LG Mach Review
Not too long ago we told you that the QWERTY was dying, but Motorola didn’t get that memo and put a pretty excellent keyboard on the Photon Q, their high end device for Sprint. LG went the more tradition all-touch route with their hero device, the Optimus G, but launched the QWERTY-touting Mach alongside the Optimus. The LG Mach is by all accounts a mid-range device, but you wouldn’t necessarily know it when using it thanks to the dual core Snapdragon S4 processor, Android 4.0, 4G LTE and a respectable feature set. Can the LG Mach find a home in Sprint’s growing Android lineup? Read on to find out
The LG Mach is an updated version of the LG Viper, one of Sprint’s LTE launch devices. With a 4” display, it is slightly more comfortable to use than Motorola’s 4.3” Phonon Q. The overall construction of the Mach is reassuring, with a smooth yet sturdy spring-assisted slide and quality materials all around. Once again, this is not up to the standards of LG’s Optimus G or Nexus 4, but the LG Mach will not be confused for a cheap device despite its low price. The Mach isn’t the thinnest device out there, but at less than half an inch thick it won’t be straining your pockets too much.
You can compare the LG Mach with many other phones using our Size Visualization Tool.
Around the edges you’ll find the usual array of physical buttons - all of which are easy to find by touch and have good travel - and three capacitive buttons below the display. As usual, LG has replaced the standard Android multitasking button with a menu button, and the multitasking menu is accessed with a long press of the home key. One interesting note about the Mach, there is not a single Sprint logo to be found on the device. Do you hear that, Verizon?

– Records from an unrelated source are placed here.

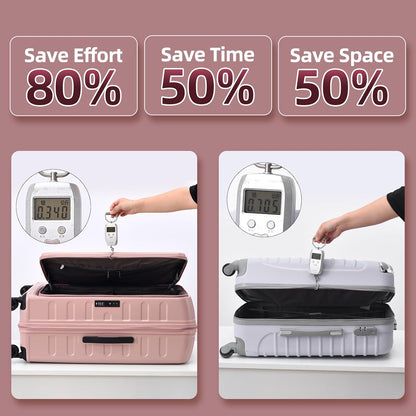 29 Inch Luggage with Expansion & Side Opening Design, 50 * 31(35)*76cm, 117L~133L Ligthweight ABS+PC Hardshell Checked Suitcase, TSA Lock & YKK Zipper with HINOMOTO 360° Wheels, Pink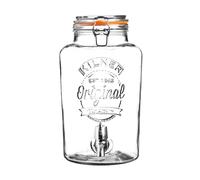 Kilner Clip Top Distributeur de Boissons Ronde en Verre dans Une boîte Cadeau, Transparent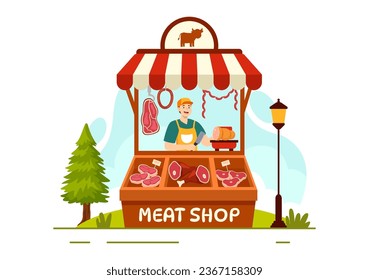 Meat Shop or market Vector Illustration with Various Fresh Meats Products and Sausages of Beef Pork Chicken in Flat Cartoon Background Design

The 5 row keyboard on the Mach is easy to get used to and we were quickly typing accurately, but it did not have the inviting quality that the Photon Q’s keyboard had. The keys are well spaced, but adding the 5th row makes them a little shorter than we’d prefer. Still, we’d gladly trade those few and far between accidental presses for the presence of the dedicated number row.
It retains the same 4” display and 480x800 resolution (good for 233ppi), but ditches TFT technology for the much more eye pleasing IPS technology. Though it may not have the best resolution or the unbelievable clarity of the Optimus G’s IPS panel, the Mach’s display is very good with accurate color reproduction and steep viewing angles, and stands up to most any lighting conditions.